If you use a software iSCSI initiator with standard GbE ports, block IO
latency can become a problem, but basically in only 3 scenarios:

1.  Slow CPUs or not enough CPUs/cores.  This is unlikely to be a
problem in 2012, given the throughput of today's multi-core CPUs.  Low
CPU throughput hasn't generally been the cause of software iSCSI
initiator latency problems since pre-2007/8 with most applications.  I'm
sure some science/sim apps that tax both CPU and IO may have still had
issues.  Those would be prime candidates for iSCSI HBAs.

2.  An old OS kernel that doesn't thread IP stack, SCSI encapsulation,
and/or hardware interrupt processing amongst all cores.  Recent Linux
kernels do this rather well, especially with MSI-X enabled, older ones
not so well.  I don't know about FreeBSD, Solaris, AIX, HP-UX, Windows, etc.

3.  System under sufficiently high CPU load to slow IP stack and iSCSI
encapsulation processing, and or interrupt handling.  Again, with
today's multi-core fast CPUs this probably isn't going to be an issue,
especially given that POP/IMAP are IO latency bound, not CPU bound.
Most people running Dovecot today are going to have plenty of idle CPU
cycles to perform the additional iSCSI initiator and TCP stack
processing without introducing undue block IO latency effects.

As always, YMMV.  The simply path is to acquire your iSCSI SAN array and
use software initiators on client hosts.  In the unlikely event you do
run into block IO latency issues, you simply drop an iSCSI HBA into each
host suffering the latency.  They run ~$700-900 USD each for single port
models, and they eliminate block IO latency completely, which is one
reason they cost so much.  They have an onboard RISC chip and memory
doing the TCP and SCSI encapsulation processing.  They also give you the
ability to boot diskless servers from LUNs on the SAN array.  This is
very popular with blade server systems, and I've done this many times
myself, albeit with fibre channel HBAs/SANs, not iSCSI.

Locally attached/internal/JBOD storage typically offers the best
application performance per dollar spent, until you get to things like
backup scenarios, where off node network throughput is very low, and
your backup software may suffer performance deficiencies, as is the
issue titling this thread.  Shipping full or incremental file backups
across ethernet is extremely inefficient, especially with very large
filesystems.  This is where SAN arrays with snapshot capability come in
really handy.

The snap takes place wholly within the array and is very fast, without
the problems you see with host based snapshots such as with Linux LVM,
where you must first freeze the filesystem, wait for the snapshot to
complete, which could be a very long time with a 1TB FS.  While this
occurs your clients must wait or timeout while trying to access
mailboxes.  With a SAN array snapshot system this isn't an issue as the
snap is transparent to hosts with little or no performance degradation
during the snap.  Two relatively inexpensive units that have such
snapshot capability are:

http://www.equallogic.com/products/default.aspx?id=10613

http://h10010.www1.hp.com/wwpc/us/en/sm/WF04a/12169-304616-241493-241493-241493.html

The Equallogic units are 1/10 GbE iSCSI only IIRC, whereas the HP can be
had in 8Gb FC, 1/10Gb iSCSI, or 6Gb direct attach SAS.  Each offer 4 or
more host/network connection ports when equipped with dual controllers.
 There are many other vendors with similar models/capabilities.  I
mention these simply because Dell/HP are very popular and many OPs are
already familiar with their servers and other products.

>   We thought ZFS would provide us with a nice snapshot and backup system
> (with zfs send).

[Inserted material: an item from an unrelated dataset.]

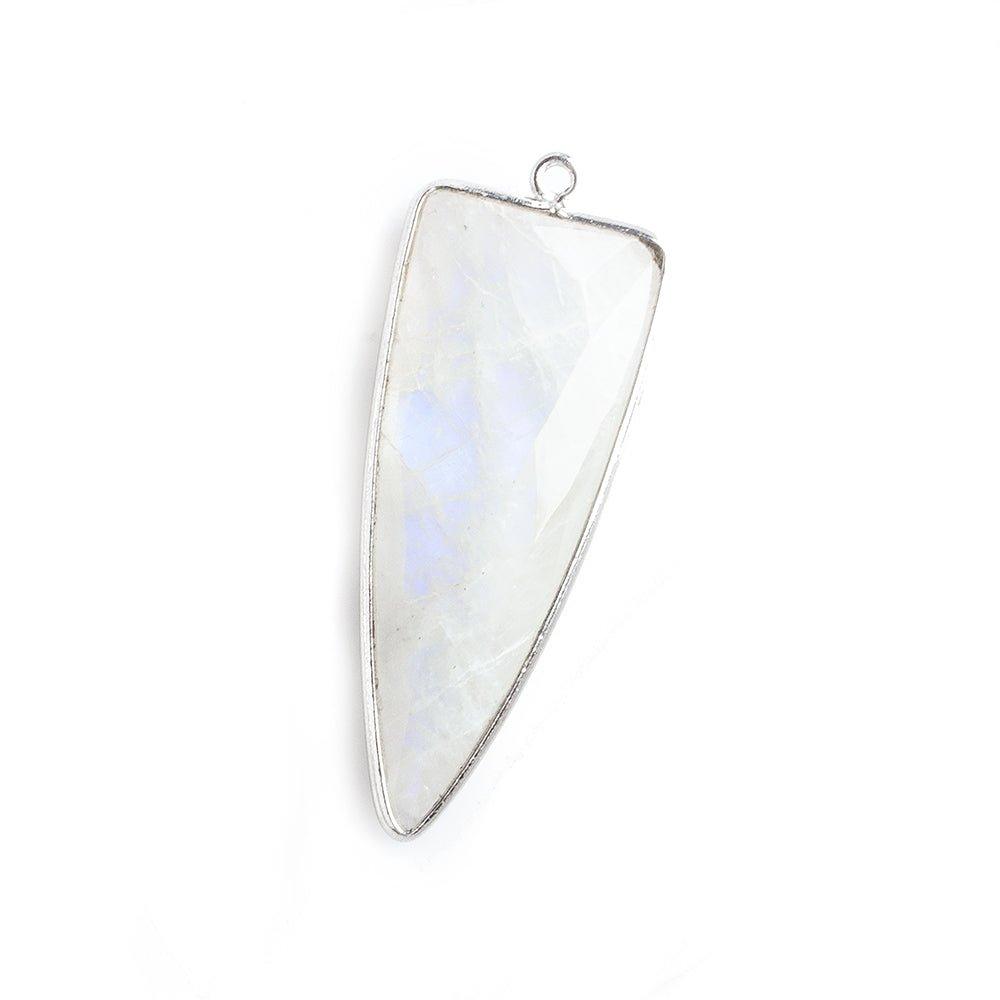 42x16mm Silver .925 Bezel Rainbow Moonstone Point 1 ring Pendant 1 piece - The Bead Traders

We never got that far once we discovered that ZFS
> doesn't work very well in this context. Running rsync on it gave us
> terrible performance.

There are 3 flavors of ZFS:  native Oracle Solaris, native FreeBSD,
Linux FUSE.  Which were you using?  If the last, that would fully
explain the suck.

>> Also, you speak of a very large maildir store, with hundreds of
>> thousands of directories, obviously many millions of files, of 1TB total
>> size.  Thus I would assume you have many thousands of users, if not 10s
>> of thousands.
>>
>> It's a bit hard to believe you're not running XFS on your storage, given
>> your level of parallelism.  You'd get much better performance using XFS
>> vs EXT4.  Especially with kernel 2.6.39 or later which includes the
>> delayed logging patch.  This patch increases m

Re: [Dovecot] dsync redesign

2012-03-27 Thread Jeff Gustafson
On Tue, 2012-03-27 at 15:09 -0500, Stan Hoeppner wrote:
> On 3/26/2012 2:34 PM, Jeff Gustafson wrote:
> 
> > Do you have any suggestions for a distributed replicated filesystem
> > that works well with dovecot? I've looked into glusterfs, but the
> > latency is way too high for lots of small files. They claim this problem
> > is fixed in glusterfs 3.3. NFS too slow for my installation so I don't
> > see how any of the distributed filesystems would help me. I've also
> > tried out ZFS, but it appears to have issues with metadata look ups with
> > directories that have tens or hundreds of thousands of files in them.
> > For me, the best filesystem is straight up ext4 running on locally
> > attached storage. 
> 
> It sounds like you're in need of a more robust and capable
> storage/backup solution, such as an FC/iSCSI SAN array with PIT and/or
> incremental snapshot capability.

We do have a FC system that another department is using. The company
dropped quite a bit of cash on it for a specific purpose. Our department
does not have access it to. People are somewhat afraid of iSCSI around
here because they believe it will add too much latency to the overall IO
performance. They're a big believer in locally attached disks. Less
features, but very good performance. 
We thought ZFS would provide us with a nice snapshot and backup system
(with zfs send). We never got that far once we discovered that ZFS
doesn't work very well in this context. Running rsync on it gave us
terrible performance.

> Also, you speak of a very large maildir store, with hundreds of
> thousands of directories, obviously many millions of files, of 1TB total
> size.  Thus I would assume you have many thousands of users, if not 10s
> of thousands.
> 
> It's a bit hard to believe you're not running XFS on your storage, given
> your level of parallelism.  You'd get much better performance using XFS
> vs EXT4.  Especially with kernel 2.6.39 or later which includes the
> delayed logging patch.  This patch increases metadata write throughput
> by a factor of 2-50+ depending on thread count, and decreases IOPS and
> MB/s hitting the storage by about the same factor, depending on thread
> count.

I've relatively new here, but I'll ask around about XFS and see if
anyone had tested it in the development environment. 

...Jeff



Re: [Dovecot] dsync redesign

2012-03-27 Thread Stan Hoeppner
On 3/26/2012 2:34 PM, Jeff Gustafson wrote:

>   Do you have any suggestions for a distributed replicated filesystem
> that works well with dovecot? I've looked into glusterfs, but the
> latency is way too high for lots of small files. They claim this problem
> is fixed in glusterfs 3.3. NFS too slow for my installation so I don't
> see how any of the distributed filesystems would help me. I've also
> tried out ZFS, but it appears to have issues with metadata look ups with
> directories that have tens or hundreds of thousands of files in them.
> For me, the best filesystem is straight up ext4 running on locally
> attached storage.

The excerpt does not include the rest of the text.